Independence Days
Page 30
The Smiths signed with Rough Trade in July 1983, telling the press the decision “represents a conscious decision of preference” against the majors, one of whom had reportedly offered a six-figure cash advance. Later, Morrissey would confirm the reasons for their choice in interviews with his rapidly gathering press entourage. He told Dave McCullough of Sounds “what we want to achieve CAN be achieved on Rough Trade” and Frank Worrall of Melody Maker that “In the world of indies, Rough Trade are a major. We like Rough Trade and the people and they like us – that has to be the most important thing. And if people want to buy the records, Rough Trade will supply them.” He elaborated on that prosaic description of their relationship in Deadbeat fanzine, back in the days when he still answered fanzine postal interviews: “We will stay with Rough Trade as long as things work. My overall loyalty is to myself, to The Smiths, and I protect Smith-interests regardless of cost or consequence.”
But if The Smiths marked a new dawn for Rough Trade Records commercially, it also deepened the fissures that had opened up within the company. From this point Richard Scott’s views become progressively more jaundiced. “Rough Trade, if it had been a better label, then things might have turned out differently. In the end it tried to emulate bits of Factory and 4AD and never quite succeeded. I think that there is an imbalance in people’s view about what happened at Rough Trade. If you talk to people at Rough Trade, there is a strong view that Geoff used people. And that the Marxist backbone disappeared quite quickly when Geoff tried to move the label into central ground, with first Scritti Politti then The Smiths. Then the politics all became slightly confused. There were a lot of people doing a lot of things [at Rough Trade; which by 1982 had expanded from eight to 40 staff covering a booking agency, distribution, licensing and promotion] and I slightly resent the fact that Geoff puts himself forward as being the sole mover. There were an awful lot of people there. My only interest in trying to put the record straight is to try to recognise that fact. I have the view that Geoff built his position on the back of an awful lot of people.”
The Smiths stumbled over their first album (the initial tracks recorded with Troy Tate, formerly of Teardrop Explodes, were considered too rudimentary and were ditched in favour of new sessions with John Porter, who had produced their Kid Jensen session). But their breakthrough was not long delayed. Travis, meanwhile, helped them broker a deal in the US with Seymour Stein at Sire Records.

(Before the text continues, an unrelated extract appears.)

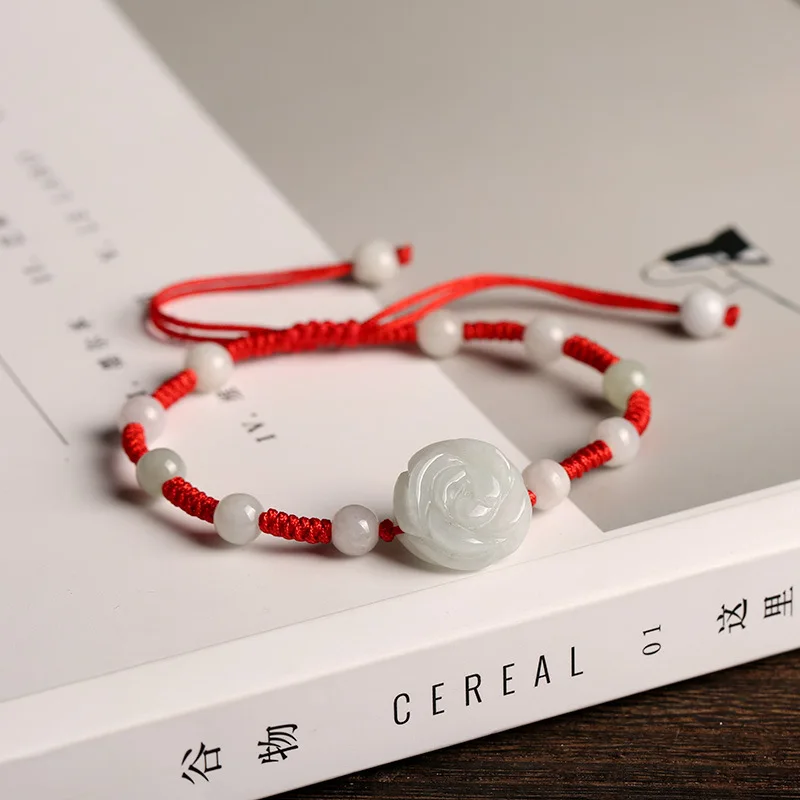 Natural Emerald Jade Bracelet Natural Emerald Rose Carved Parts DIY Hand Weaving Bracelet Ornament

Boon, who had been the link to Rough Trade initially, had by now arrived there to work as production manager. “The guy tied in with production was Bob Scotland, who was going to college to do botany.” Boon recalls. “He’s an academic now. I’d sent Geoff some Dislocation Dance demos, cos I couldn’t do anything with them. Several months later, he got back to me, and said could he meet them? So they went to meet Geoff, and while they had their meeting, I hung out using the phones upstairs in the booking office. Afterwards Geoff came up and said, ‘I think we’re going to do something.’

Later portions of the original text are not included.